Data Cleaning & Preparation - SQL

Introduction - data explaination

Data I am going to work on is Dublin Housing. It contains house sales information like date of transaction, price, property address, name and address of the owner and few more.

Looking at the raw data, I noticed a few places where data could be improved


Date

Sale date in the file is with time format which is not necessary, does not look 'clean' and may introduce issues if we would like perform any analysis based in date frame.

Starting from selecting 'SaleDate' and converted (stripped from time addition) copy of it, I added column at the end of the table and populated it with converted SaleDate.

The original column could be deleted but I decided to leave it.

Now I have clean date of sale which is much more


Property Address - Checking for missing values

Since whole data is about property sales, it is extremely important to have information such as property address, therefore I check for NULL values in 'PropertyAddress' column.

Results shows that there are some missing fields which must be populated or (if population will fail) further investigated. First, I selected all data to find any matching points, and found out that properties with the same ‘ParcelID’ having the same’ PropertyAddress’.

Using self-join I joined table with itself using ‘ParcelID’ and put under condition – SQL will copy ‘PropertyAddress’ only if ‘UniqueID’ will be different. Means, it will join table where 'ParcelID' is the same but it is not the same row.

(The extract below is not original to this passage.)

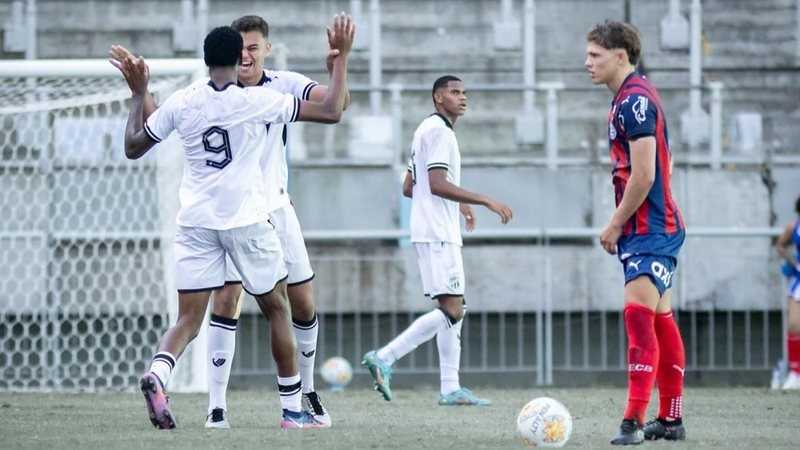 Bahia sofre virada do Ceará e fica com vice-campeonato da Copa do Nordeste sub-20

Now I selected property address where is null and copy. After updating a table, I requested again for a Property Address column where IS NULL and receive blank table. This means that my update was successful, there is no missing addresses in the table.

There are no missing values in 'PropertyAddress' column.


Property Address - Dividing the Address method 1

When address is clustered in one field it is hard to pull informative insights like, for example, in which town people buying/selling properties the most.

This type of information may be used in many different ways, as an possible investment area, marketing location, new branch location etc., which might be beneficial for company.

I used Substring as a methodd to devide 'PropertyAddress'. Starting from first character of the string, until coma sign, will be the main address for property. Adding '-1' will remove coma sign after first part of the address.

In second line of SUBSTRING I called 'PropertyAddress’ and started from: coma placement +1, which will read all characters behind coma in the string.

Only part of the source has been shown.